[Scraped caption text data]
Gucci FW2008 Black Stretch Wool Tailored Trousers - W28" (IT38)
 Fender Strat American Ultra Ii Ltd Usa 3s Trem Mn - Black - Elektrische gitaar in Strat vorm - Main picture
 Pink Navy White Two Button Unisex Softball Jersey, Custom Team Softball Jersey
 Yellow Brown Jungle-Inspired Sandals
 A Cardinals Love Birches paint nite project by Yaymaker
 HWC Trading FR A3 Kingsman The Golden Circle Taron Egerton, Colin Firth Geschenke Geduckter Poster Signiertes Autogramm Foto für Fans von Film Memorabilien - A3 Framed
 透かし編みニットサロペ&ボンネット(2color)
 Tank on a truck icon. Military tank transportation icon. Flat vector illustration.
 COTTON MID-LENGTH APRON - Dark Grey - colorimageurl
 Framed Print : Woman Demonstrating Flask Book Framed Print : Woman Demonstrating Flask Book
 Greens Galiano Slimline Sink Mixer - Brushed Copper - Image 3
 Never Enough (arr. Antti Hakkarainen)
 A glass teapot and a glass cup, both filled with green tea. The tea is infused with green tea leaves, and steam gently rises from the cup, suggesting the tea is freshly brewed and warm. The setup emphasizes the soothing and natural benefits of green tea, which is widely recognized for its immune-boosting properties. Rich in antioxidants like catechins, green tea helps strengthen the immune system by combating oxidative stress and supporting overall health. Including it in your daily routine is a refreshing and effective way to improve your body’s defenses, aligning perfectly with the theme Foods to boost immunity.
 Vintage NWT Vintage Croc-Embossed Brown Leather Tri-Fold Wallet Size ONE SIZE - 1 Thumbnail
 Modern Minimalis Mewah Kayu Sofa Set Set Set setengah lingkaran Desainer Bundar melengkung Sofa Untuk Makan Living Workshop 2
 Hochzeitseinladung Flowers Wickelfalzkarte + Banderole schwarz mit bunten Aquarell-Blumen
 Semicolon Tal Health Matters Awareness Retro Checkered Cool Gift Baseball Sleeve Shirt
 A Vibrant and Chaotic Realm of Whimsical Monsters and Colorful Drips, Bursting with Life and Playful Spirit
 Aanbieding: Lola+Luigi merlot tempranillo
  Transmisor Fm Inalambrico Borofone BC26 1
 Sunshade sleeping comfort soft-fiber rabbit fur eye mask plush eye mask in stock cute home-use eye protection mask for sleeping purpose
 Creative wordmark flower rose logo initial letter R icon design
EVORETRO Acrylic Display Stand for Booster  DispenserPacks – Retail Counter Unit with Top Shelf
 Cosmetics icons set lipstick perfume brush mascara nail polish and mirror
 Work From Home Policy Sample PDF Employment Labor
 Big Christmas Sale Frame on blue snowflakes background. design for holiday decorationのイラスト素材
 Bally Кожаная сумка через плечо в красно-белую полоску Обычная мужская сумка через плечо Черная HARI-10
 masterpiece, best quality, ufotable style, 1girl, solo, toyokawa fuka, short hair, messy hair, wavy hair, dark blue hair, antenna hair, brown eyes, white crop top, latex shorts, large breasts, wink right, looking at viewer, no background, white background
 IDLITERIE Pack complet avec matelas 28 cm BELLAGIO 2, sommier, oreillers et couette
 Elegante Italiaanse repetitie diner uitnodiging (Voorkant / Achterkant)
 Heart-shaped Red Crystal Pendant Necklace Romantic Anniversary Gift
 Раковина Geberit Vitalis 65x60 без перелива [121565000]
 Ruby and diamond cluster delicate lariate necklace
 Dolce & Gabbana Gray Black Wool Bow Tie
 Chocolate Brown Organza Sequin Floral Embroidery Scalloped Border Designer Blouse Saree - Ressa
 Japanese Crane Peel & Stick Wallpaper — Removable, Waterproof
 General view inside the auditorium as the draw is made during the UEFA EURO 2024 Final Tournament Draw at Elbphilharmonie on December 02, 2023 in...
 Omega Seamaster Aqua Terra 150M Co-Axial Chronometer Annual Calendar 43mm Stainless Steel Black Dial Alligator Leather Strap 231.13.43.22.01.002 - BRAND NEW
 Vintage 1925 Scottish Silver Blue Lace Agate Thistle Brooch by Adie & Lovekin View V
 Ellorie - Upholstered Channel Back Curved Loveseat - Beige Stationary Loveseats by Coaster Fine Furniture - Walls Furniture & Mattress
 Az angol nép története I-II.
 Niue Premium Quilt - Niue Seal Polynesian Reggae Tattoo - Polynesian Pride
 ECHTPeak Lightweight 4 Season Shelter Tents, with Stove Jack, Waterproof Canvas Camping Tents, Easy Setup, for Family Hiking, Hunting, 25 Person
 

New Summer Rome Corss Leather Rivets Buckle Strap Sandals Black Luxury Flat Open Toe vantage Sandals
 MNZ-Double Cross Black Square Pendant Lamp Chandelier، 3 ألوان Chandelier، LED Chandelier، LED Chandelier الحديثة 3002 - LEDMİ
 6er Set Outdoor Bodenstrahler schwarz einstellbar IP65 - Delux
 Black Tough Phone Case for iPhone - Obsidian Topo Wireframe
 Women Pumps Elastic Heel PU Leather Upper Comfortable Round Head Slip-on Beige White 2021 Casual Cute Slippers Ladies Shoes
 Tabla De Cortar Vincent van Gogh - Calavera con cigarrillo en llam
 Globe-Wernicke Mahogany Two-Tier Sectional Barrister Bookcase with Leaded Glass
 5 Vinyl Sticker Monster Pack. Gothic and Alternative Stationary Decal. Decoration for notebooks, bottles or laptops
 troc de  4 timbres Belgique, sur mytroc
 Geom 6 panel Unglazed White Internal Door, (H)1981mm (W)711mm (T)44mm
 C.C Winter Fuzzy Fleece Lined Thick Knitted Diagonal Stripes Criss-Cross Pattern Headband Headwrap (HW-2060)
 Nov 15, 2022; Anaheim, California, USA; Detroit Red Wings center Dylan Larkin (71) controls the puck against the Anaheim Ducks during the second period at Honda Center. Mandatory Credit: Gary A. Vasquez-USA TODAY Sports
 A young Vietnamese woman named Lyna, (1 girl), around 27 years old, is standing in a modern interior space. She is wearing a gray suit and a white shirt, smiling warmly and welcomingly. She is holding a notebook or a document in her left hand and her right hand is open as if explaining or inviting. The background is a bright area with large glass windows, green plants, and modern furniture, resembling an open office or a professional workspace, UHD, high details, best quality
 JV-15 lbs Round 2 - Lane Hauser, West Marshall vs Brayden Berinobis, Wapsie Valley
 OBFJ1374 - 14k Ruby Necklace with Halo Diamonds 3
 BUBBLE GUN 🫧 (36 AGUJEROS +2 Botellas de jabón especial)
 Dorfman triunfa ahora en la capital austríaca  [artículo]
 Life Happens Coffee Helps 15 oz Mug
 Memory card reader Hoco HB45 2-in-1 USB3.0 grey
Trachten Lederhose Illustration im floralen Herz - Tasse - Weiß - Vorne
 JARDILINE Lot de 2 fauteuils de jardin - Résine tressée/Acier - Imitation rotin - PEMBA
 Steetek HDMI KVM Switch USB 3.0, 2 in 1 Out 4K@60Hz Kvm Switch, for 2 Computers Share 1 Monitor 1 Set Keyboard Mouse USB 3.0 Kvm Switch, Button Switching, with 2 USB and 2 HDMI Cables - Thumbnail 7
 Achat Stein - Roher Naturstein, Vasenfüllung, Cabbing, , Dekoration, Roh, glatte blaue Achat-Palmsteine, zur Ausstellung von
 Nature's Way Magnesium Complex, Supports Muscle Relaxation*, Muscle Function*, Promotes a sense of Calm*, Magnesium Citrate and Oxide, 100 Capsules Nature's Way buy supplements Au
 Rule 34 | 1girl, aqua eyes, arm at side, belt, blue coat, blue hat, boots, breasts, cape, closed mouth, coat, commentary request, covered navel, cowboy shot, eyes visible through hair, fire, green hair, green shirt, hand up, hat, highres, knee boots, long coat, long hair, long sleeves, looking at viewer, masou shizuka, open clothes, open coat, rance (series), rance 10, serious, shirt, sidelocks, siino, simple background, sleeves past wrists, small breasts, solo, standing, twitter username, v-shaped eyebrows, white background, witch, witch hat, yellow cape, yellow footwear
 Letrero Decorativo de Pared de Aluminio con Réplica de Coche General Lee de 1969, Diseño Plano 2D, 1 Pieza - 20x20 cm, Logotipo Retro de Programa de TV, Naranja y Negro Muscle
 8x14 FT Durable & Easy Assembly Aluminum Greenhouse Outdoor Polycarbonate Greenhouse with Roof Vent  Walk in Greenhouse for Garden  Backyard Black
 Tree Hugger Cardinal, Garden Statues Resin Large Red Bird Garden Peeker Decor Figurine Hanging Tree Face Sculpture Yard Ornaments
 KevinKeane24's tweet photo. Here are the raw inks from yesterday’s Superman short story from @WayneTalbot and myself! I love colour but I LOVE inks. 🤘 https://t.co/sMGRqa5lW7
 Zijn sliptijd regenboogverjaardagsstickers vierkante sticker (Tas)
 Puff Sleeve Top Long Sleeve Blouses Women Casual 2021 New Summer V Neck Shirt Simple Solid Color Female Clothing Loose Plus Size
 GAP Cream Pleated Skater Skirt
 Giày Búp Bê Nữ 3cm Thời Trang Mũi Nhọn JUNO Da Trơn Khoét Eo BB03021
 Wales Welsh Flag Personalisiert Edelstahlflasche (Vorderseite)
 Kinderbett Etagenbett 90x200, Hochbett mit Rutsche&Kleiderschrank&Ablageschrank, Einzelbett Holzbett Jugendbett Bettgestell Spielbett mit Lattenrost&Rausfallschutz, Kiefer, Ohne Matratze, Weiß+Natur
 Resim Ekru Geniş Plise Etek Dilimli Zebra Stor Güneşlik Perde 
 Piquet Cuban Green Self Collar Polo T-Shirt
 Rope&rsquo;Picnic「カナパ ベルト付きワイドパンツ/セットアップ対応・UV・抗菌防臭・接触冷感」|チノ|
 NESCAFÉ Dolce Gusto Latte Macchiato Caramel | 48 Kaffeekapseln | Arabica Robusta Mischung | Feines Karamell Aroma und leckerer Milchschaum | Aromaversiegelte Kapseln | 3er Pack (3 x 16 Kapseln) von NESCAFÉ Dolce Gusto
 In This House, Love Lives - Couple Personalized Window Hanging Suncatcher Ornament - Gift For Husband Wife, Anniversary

_What needs to be done_
Going through the records above, state how many lines carry "Muscle", with no other text.

_Response_
2